- **Dataset extract**
____

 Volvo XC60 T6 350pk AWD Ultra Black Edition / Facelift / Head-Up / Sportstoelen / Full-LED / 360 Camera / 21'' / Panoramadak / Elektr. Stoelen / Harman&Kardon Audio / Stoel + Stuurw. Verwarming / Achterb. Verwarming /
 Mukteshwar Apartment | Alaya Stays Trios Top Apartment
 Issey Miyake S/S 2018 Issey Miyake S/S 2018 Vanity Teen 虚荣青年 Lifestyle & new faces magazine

____

- **Assignment**
Copy exactly the lines of the listing above, beginning at the line with "Mukteshwar Apartment |" and ending at its final line; write out nothing else.

- **Response to the task**
 Mukteshwar Apartment | Alaya Stays Trios Top Apartment
 Issey Miyake S/S 2018 Issey Miyake S/S 2018 Vanity Teen 虚荣青年 Lifestyle & new faces magazine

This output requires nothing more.